Man’s life has never been the same since the first caveman placed a log on the ground and saw it makes moving loads easier when placed over it. That idea has remained pretty much the same, with the only thing changing is where it is being used.
Well, it is time that idea changed. There is a group of researchers that have come up with a shape-shifting wheel. A wheel that transforms into rectangular-shaped tracks when needed, and then changes back a circular wheel; all at the push of a button.
As it works out, when changed into tracks, the wheels give the vehicle more stability especially when driving down a hill, and trying to find the safest route. The researchers say this wheel could change our expectation of the terrain vehicles can drive through.
The researchers from the Carnegie Mellon University’s National Robotics Engineering Center were funded by U.S.’ Defense Advanced Research Project Agency (DARPA). The researchers partnered with DARPA under the program dubbed Ground X-Vehicle Technologies (GXV-T).

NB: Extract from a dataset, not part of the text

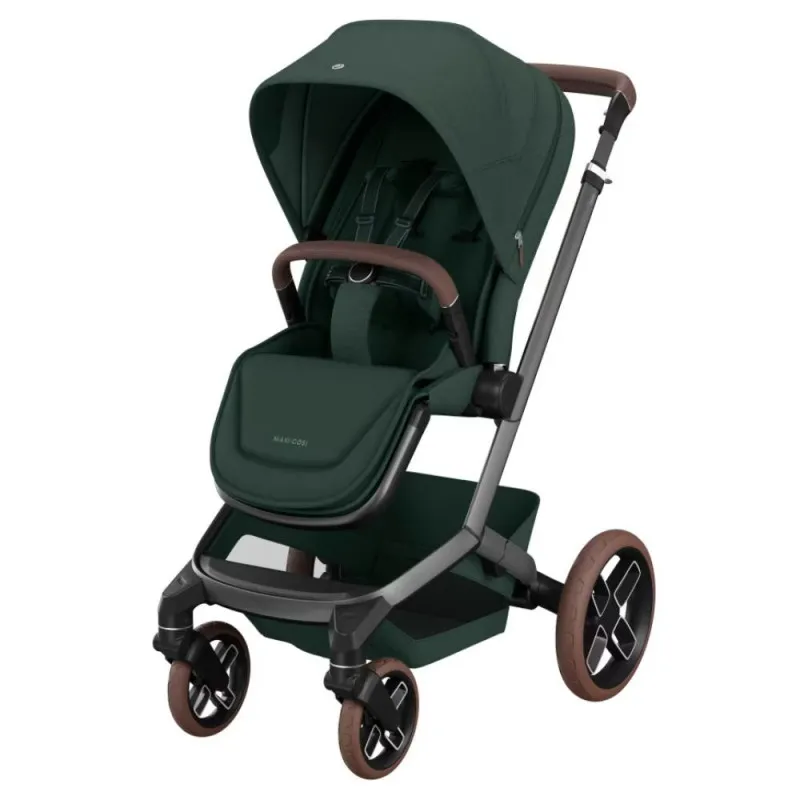 MAXI COSI DUO SISTEM FAME TWILLIC GREEN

Enabling the driver to drive at high speed on roads, and continue driving through diverse off-road terrain using the tracks.
During testing, the vehicle equipped with these re-invented wheels changed from wheel mode to track mode at speeds of 12 mph, and the reverse in 25 mph. While in wheel mode, the vehicle achieved speeds of 50 mph, while in track mode it moved at 30 mph.
“This shape-changing locomotion technology could enable vehicle to tackle a wide array of terrains at surprising speed,” said Dimi Apostolopoulos, a CMU Robotics Institute senior systems scientist who led the project at NREC.
“Based on the testing we’ve done so far, we would expect such a vehicle to do amazing things.”
The end goal of re-inventing the wheel is to make military vehicles highly maneuverable during a combat situation, thus less reliance on armor since they can quickly get out of danger.
How does the Track Wheels functions
The researches say the transforming wheels work by changing the surface area of the tyre in contact with the ground based on the terrain. When on a smooth surface, it reduces the surface area of the contact patch and thus able to achieve higher speeds.
When the terrain changes and becomes unfavorable (off road) the wheel increases the surface area of the contact patch for maximum traction. It then works like a snowshoe and thus the vehicle is able to move over soft grounds (soft soil, ground filled with snow) much more effectively than on a spinning circular wheel.
The researchers also see a wide array of application in the general civilian population. They identified vehicles used in forestry, construction, mining, and heavy equipment as potential candidates to benefit from this technology.
This group of researchers is definitely not the first to reinvent the wheel. However, they are the first one to come up with a prototype that don’t require the driver to first stop the vehicle before shifting the wheels from one mode to another. That feature can be critical especially during combat situation where the driver always need fast maneuverability.